### Exercise data

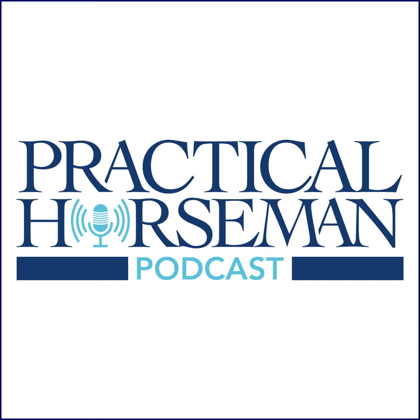Thanks for listening to this FODPod mini-sode. For unlimited access to more lessons like this, sign up for Practical Horseman On Demand at PracticalHorsemanOnDemand.com. Don't forget to use promo code FODPod — that's P-H-O-D-P-O-D — to get 15% off. Thanks again for listening.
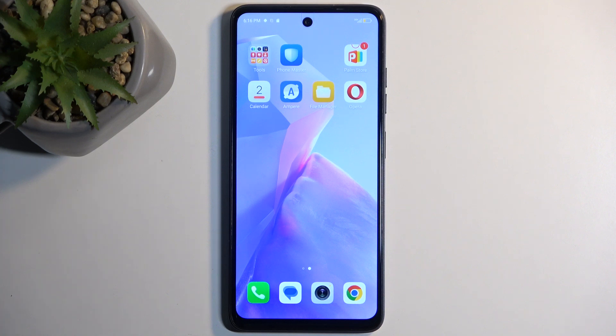So to get started, you will want to open up content that you wish to capture. I'll be using the home screen as an example for this, so it's already open and visible on my screen.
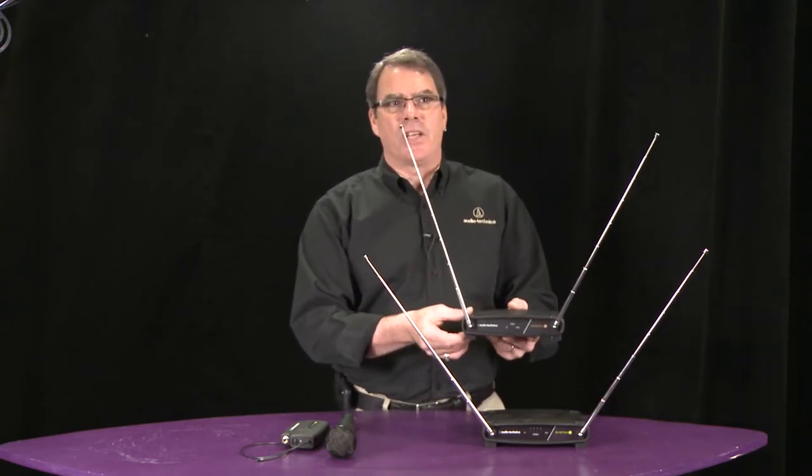Hi, I'm Tracy Brafka, Sales Manager for Audio-Technica. I'm going to talk about our entry-level wireless systems that we introduced at this winter NAMM. First, the System 8, which is your basic VHF system.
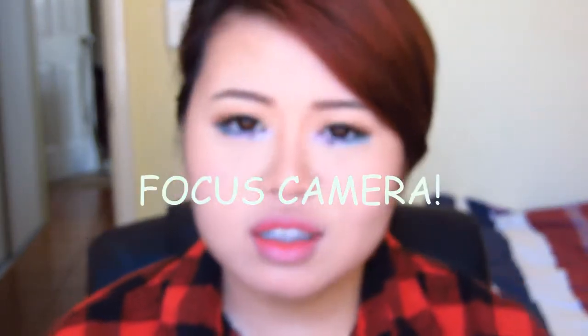I actually went and popped in circle lenses to see how this look came together, because Park Bom has circle lenses all the time. It feels really weird — I never wear circle lenses because they're just way too big for my eyes. But yeah, that's the final look. Thank you for watching!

### Problem description
Copy out exactly, with no pictures, the lines of the data from the first one through the line bearing "So to get started, you".

### Response to the exercise
Thanks for listening to this FODPod mini-sode. For unlimited access to more lessons like this, sign up for Practical Horseman On Demand at PracticalHorsemanOnDemand.com. Don't forget to use promo code FODPod — that's P-H-O-D-P-O-D — to get 15% off. Thanks again for listening.
So to get started, you will want to open up content that you wish to capture. I'll be using the home screen as an example for this, so it's already open and visible on my screen.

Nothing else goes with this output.